» What you will do
Give every line of the data again, unchanged, but with no pictures.

───── Information shown

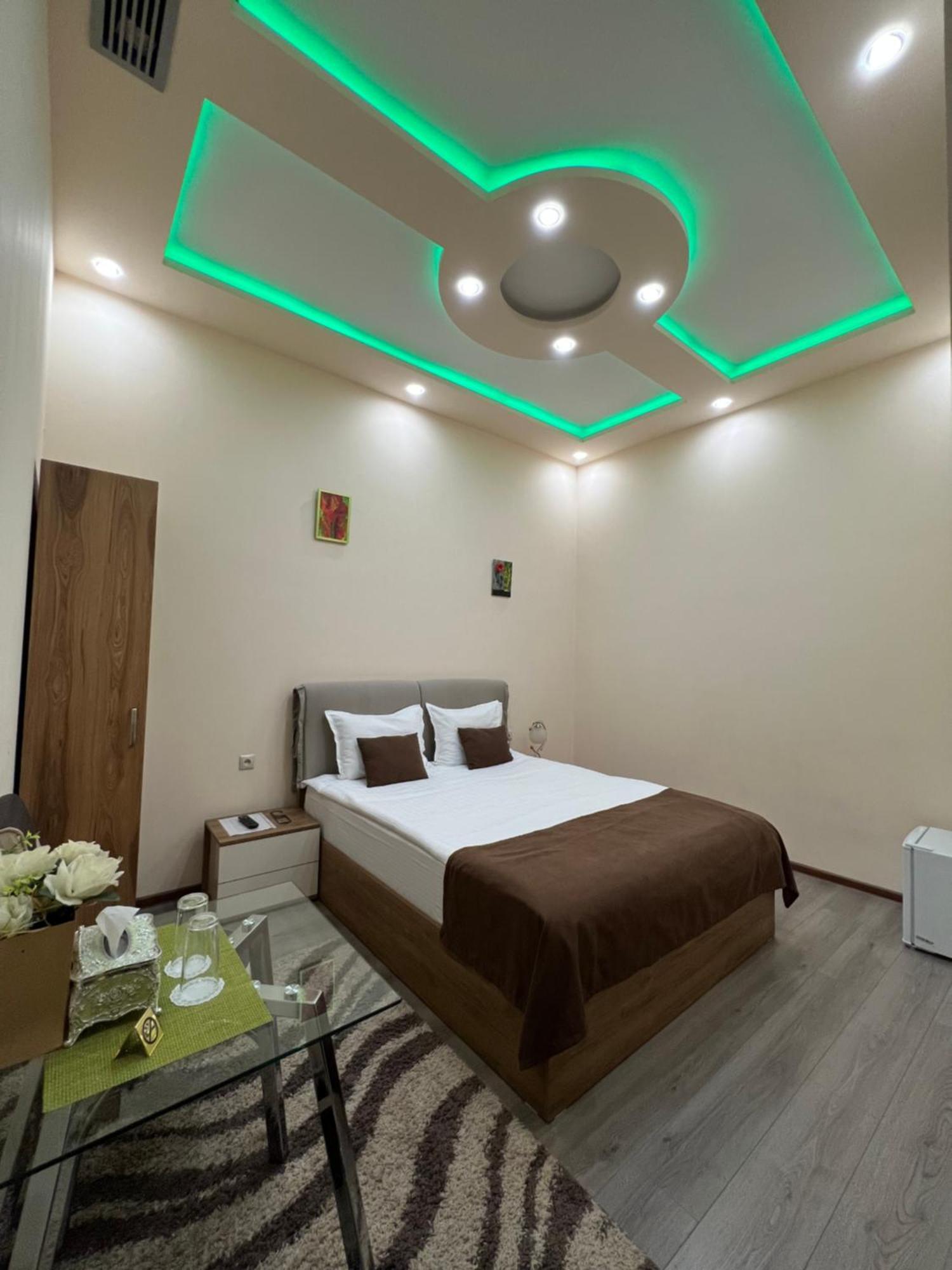Hotel Fleur 예레반 외부 사진
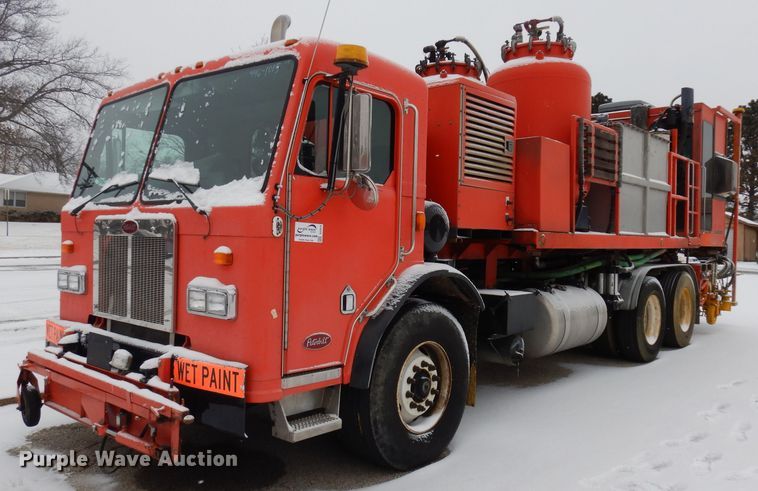 image for item DJ2879 2005 Peterbilt 320  paint striping truck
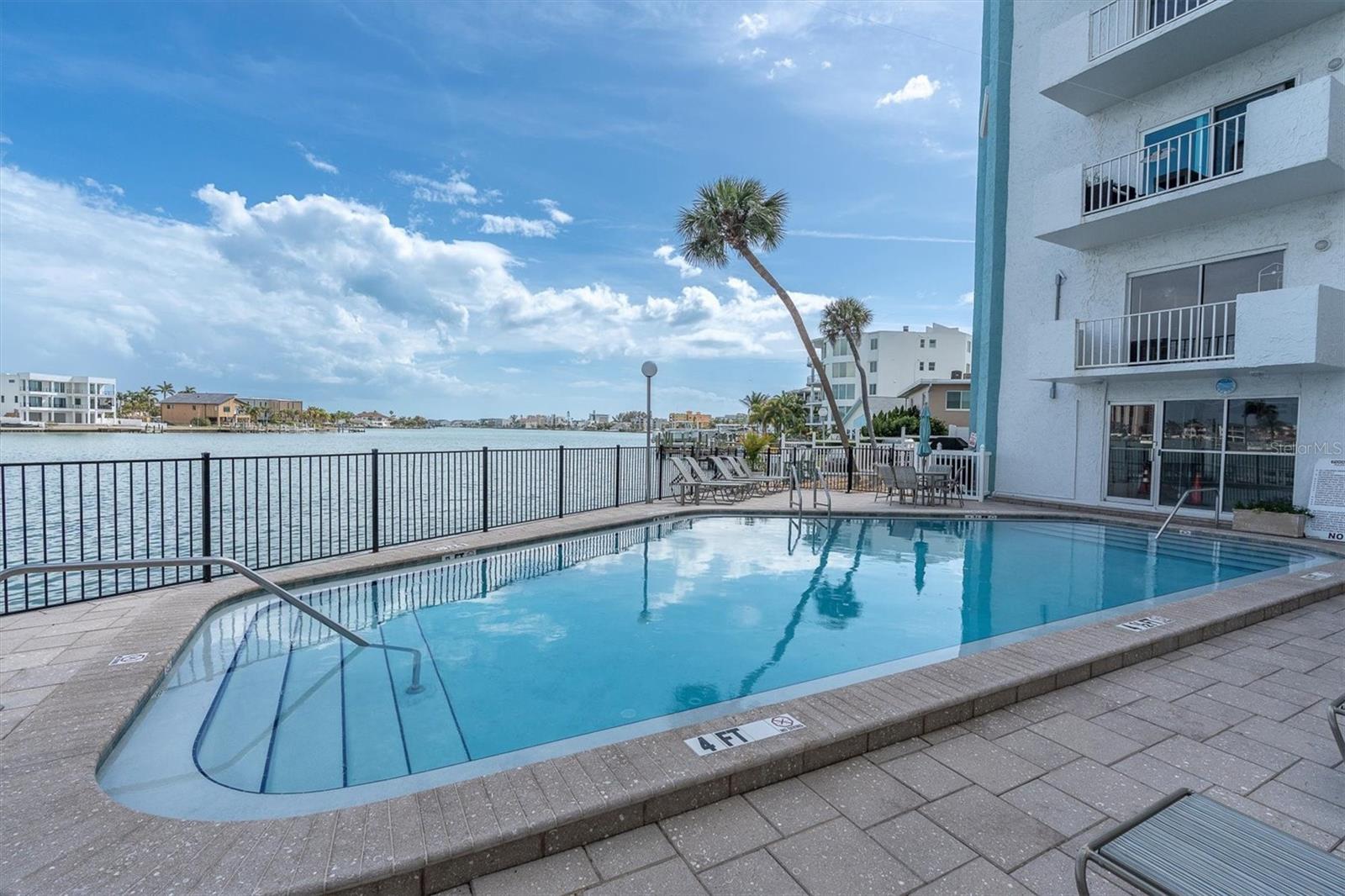 Image 24 of 34 For 285 107th Avenue 701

──────────

» Exercise solution
Hotel Fleur 예레반 외부 사진
 image for item DJ2879 2005 Peterbilt 320  paint striping truck
 Image 24 of 34 For 285 107th Avenue 701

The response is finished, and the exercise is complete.